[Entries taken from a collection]
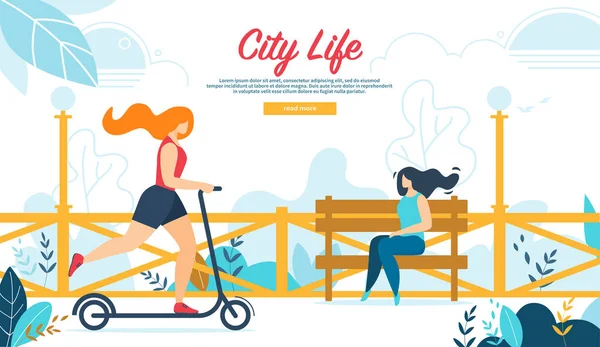 Genç kadın kamu Park, yaz scooter sürüş — Stok Vektör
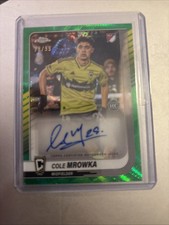 2025 Topps Chrome MLS Cole Mrowka Green Wave Refractor Autograph /99 RC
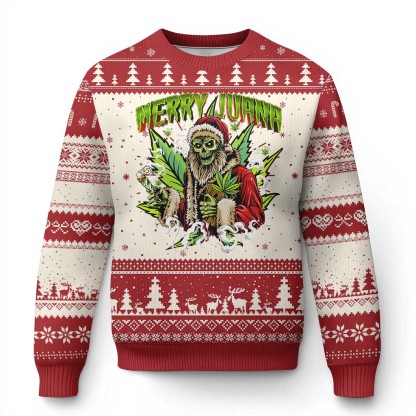 funny weed xmas ugly christmas sweater merry juana santa skeleton 1 Funny Weed Xmas Ugly Christmas Sweater Merry Juana Santa Skeleton - Image 1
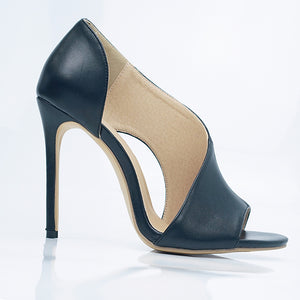 Madison Ave stiletto peep to heels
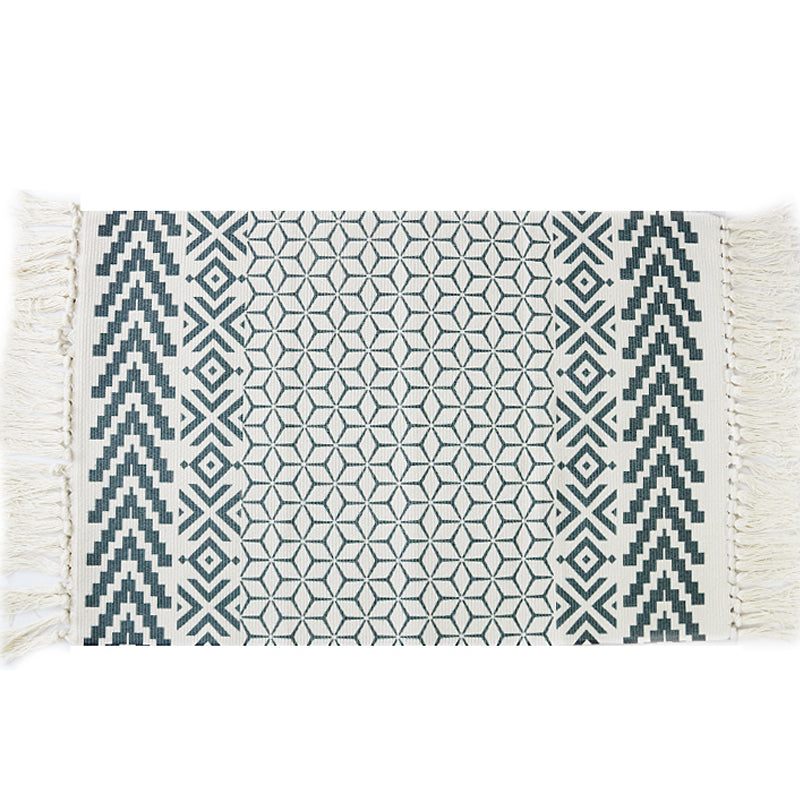 White and Blue Bedroom Rug Southwestern Tribal Striped Pattern Rug Cotton Anti-Slip Backing Washable Area Rug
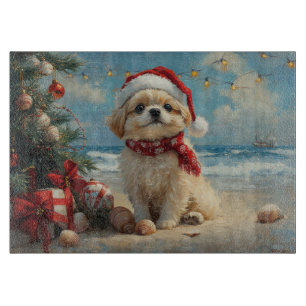 Pekinees Hond Kerstmis Vintage Strand Snijplank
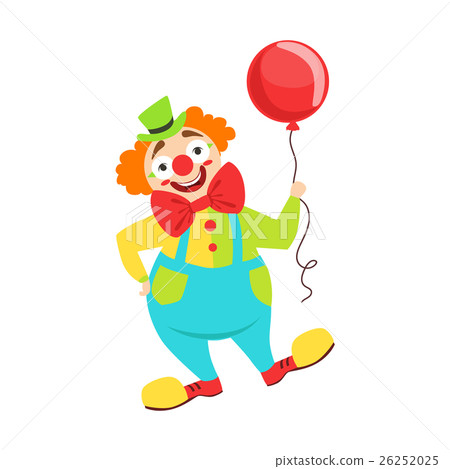 Circus Clown Artist In Classic Outfit With Red 26252025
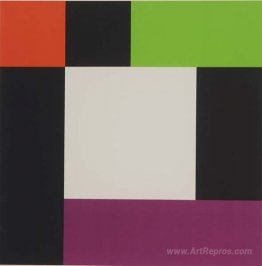 Three Colours Surrounded by Equal Amounts of Black and White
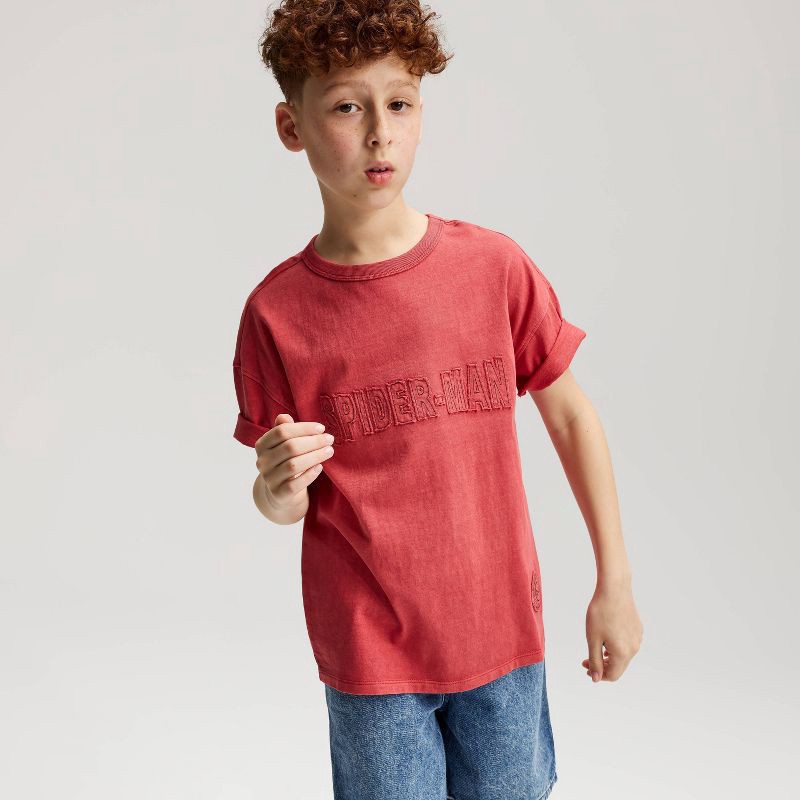 slide 1 of 4, Boys' Short Sleeve Spider-Man Oversized Graphic T-Shirt - Cat & Jack™ Red XL, 1 ct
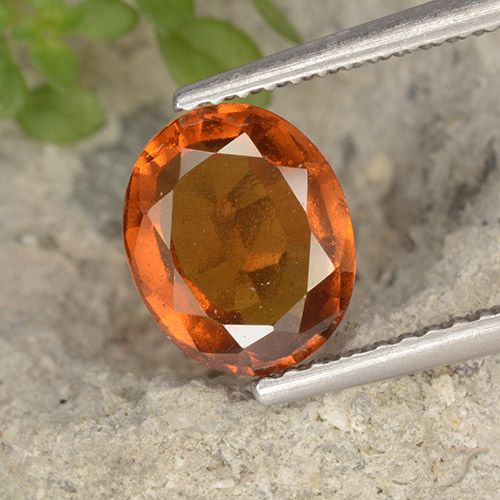 2.10ct Natural Naranja oscuro Granate Hessonita, Ovalada, VS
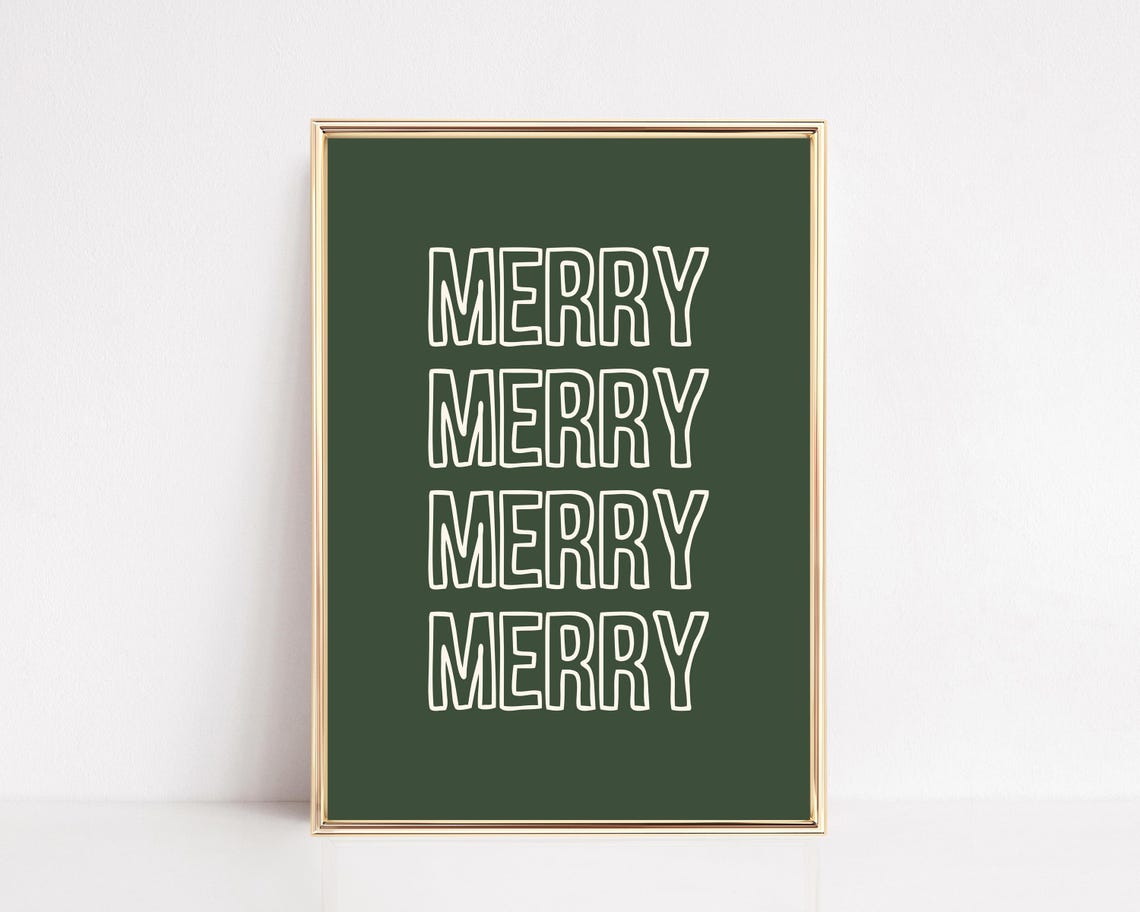 Merry Christmas Repeated White Lettering Dark Green Holiday Poster - Image 2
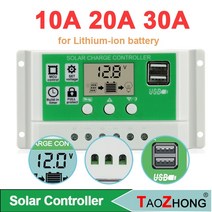 30a 20a 10a 12v 24v 태양열 충전 컨트롤러 pwm 배터리 충전기 pv 레귤레이터 납산 배터리 리튬 이온 리튬 배터리, 12v24v 자동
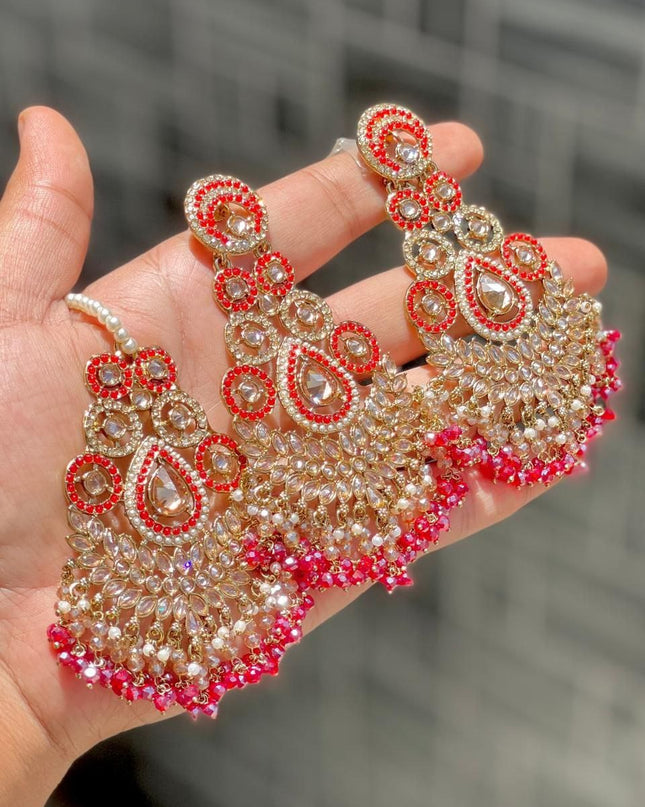 Designer Reverse AD Stone Statement Earrings with Coordinated Maang Tikka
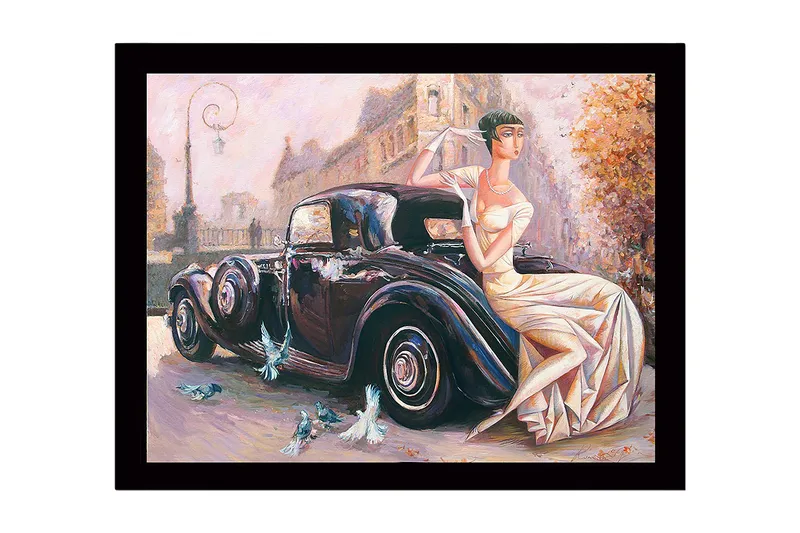 Inramad Canvastavla i trä - 41x56 cm - Eleganta kvinna i vit klänning sittande på en klassisk bil, Svart / Beige / Ljusrosa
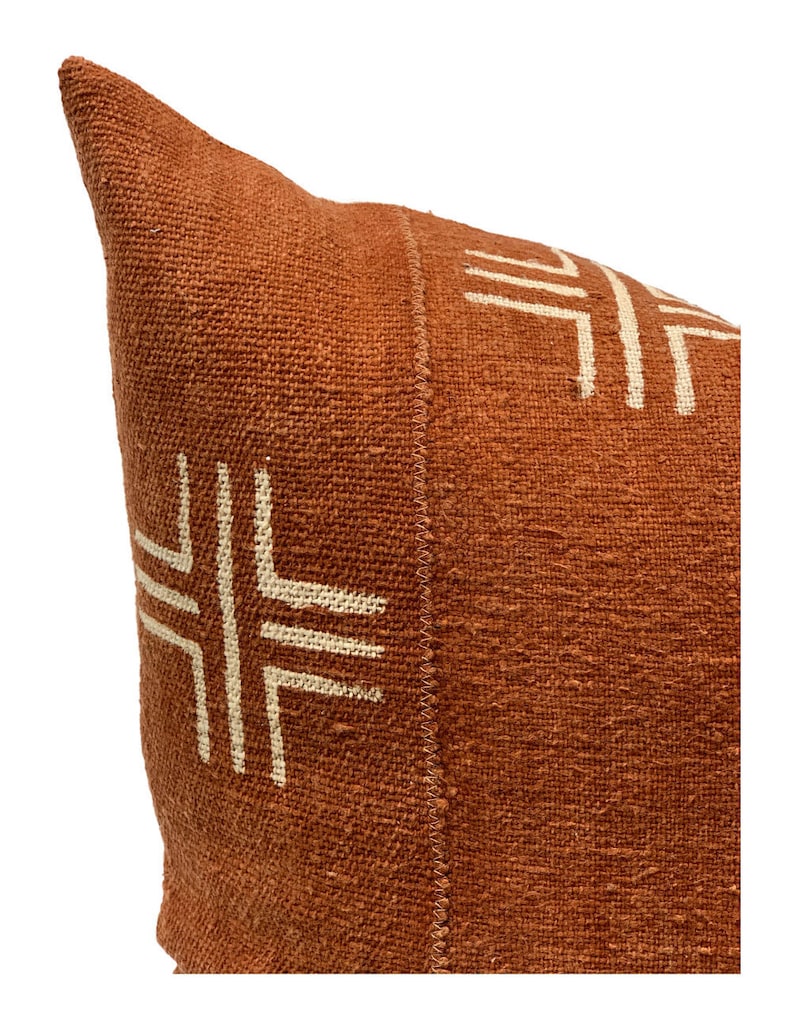 Authentic African Pillow, Handwoven Mudcloth Pillow, Rust with Cream Abstract pattern Pillow Cover Throw Pillow cover, Sofa Cushion image 2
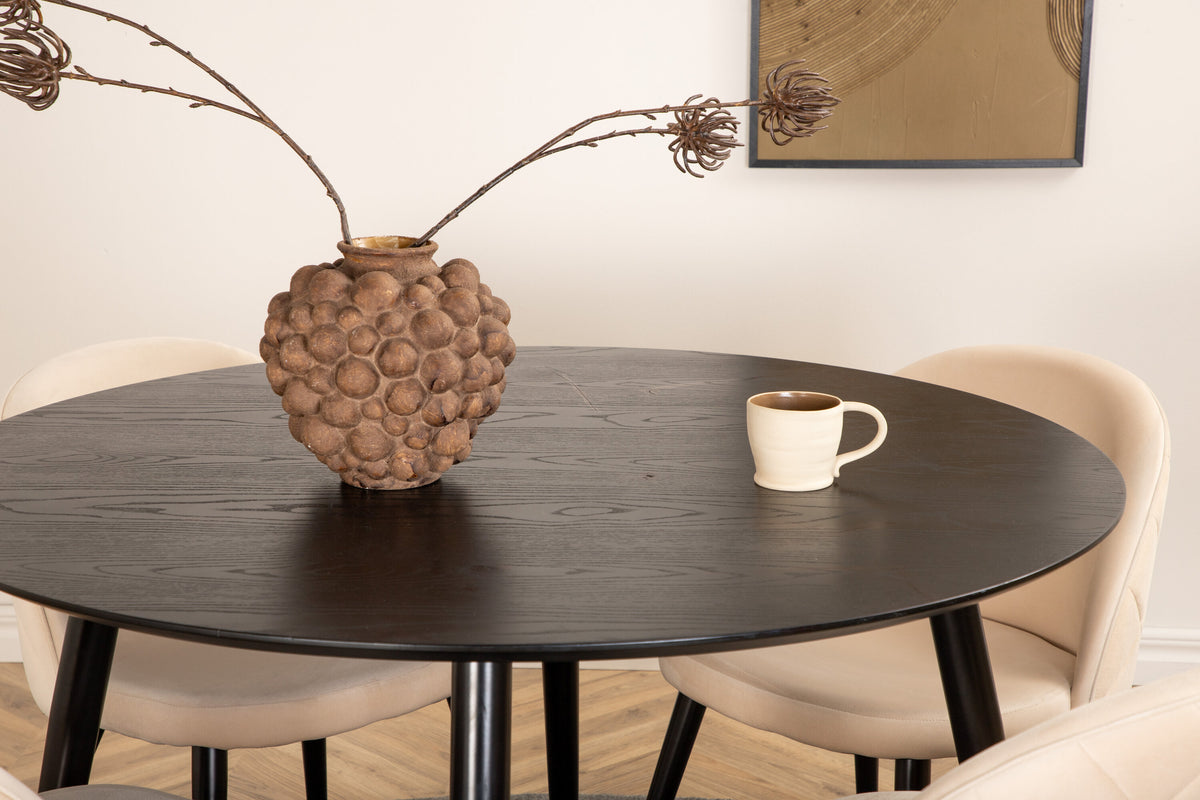 Dipp Matbord med Velvet Stolarna – Bord: ⌀115 Stol: 57x76,5x50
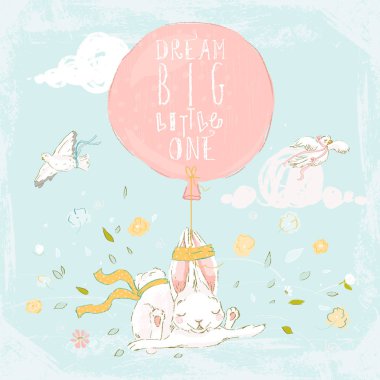 Çiçekler, balon, güvercin ve bulutlar ile sevimli el çizilmiş tavşan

:: ASSIGNMENT ::
Your copy should match the records above exactly, except that it contains no pictures.

:: FINISHED TASK ::
 Genç kadın kamu Park, yaz scooter sürüş — Stok Vektör
 2025 Topps Chrome MLS Cole Mrowka Green Wave Refractor Autograph /99 RC
 funny weed xmas ugly christmas sweater merry juana santa skeleton 1 Funny Weed Xmas Ugly Christmas Sweater Merry Juana Santa Skeleton - Image 1
 Madison Ave stiletto peep to heels
 White and Blue Bedroom Rug Southwestern Tribal Striped Pattern Rug Cotton Anti-Slip Backing Washable Area Rug
 Pekinees Hond Kerstmis Vintage Strand Snijplank
 Circus Clown Artist In Classic Outfit With Red 26252025
 Three Colours Surrounded by Equal Amounts of Black and White
 slide 1 of 4, Boys' Short Sleeve Spider-Man Oversized Graphic T-Shirt - Cat & Jack™ Red XL, 1 ct
 2.10ct Natural Naranja oscuro Granate Hessonita, Ovalada, VS
 Merry Christmas Repeated White Lettering Dark Green Holiday Poster - Image 2
 30a 20a 10a 12v 24v 태양열 충전 컨트롤러 pwm 배터리 충전기 pv 레귤레이터 납산 배터리 리튬 이온 리튬 배터리, 12v24v 자동
 Designer Reverse AD Stone Statement Earrings with Coordinated Maang Tikka
 Inramad Canvastavla i trä - 41x56 cm - Eleganta kvinna i vit klänning sittande på en klassisk bil, Svart / Beige / Ljusrosa
 Authentic African Pillow, Handwoven Mudcloth Pillow, Rust with Cream Abstract pattern Pillow Cover Throw Pillow cover, Sofa Cushion image 2
 Dipp Matbord med Velvet Stolarna – Bord: ⌀115 Stol: 57x76,5x50
 Çiçekler, balon, güvercin ve bulutlar ile sevimli el çizilmiş tavşan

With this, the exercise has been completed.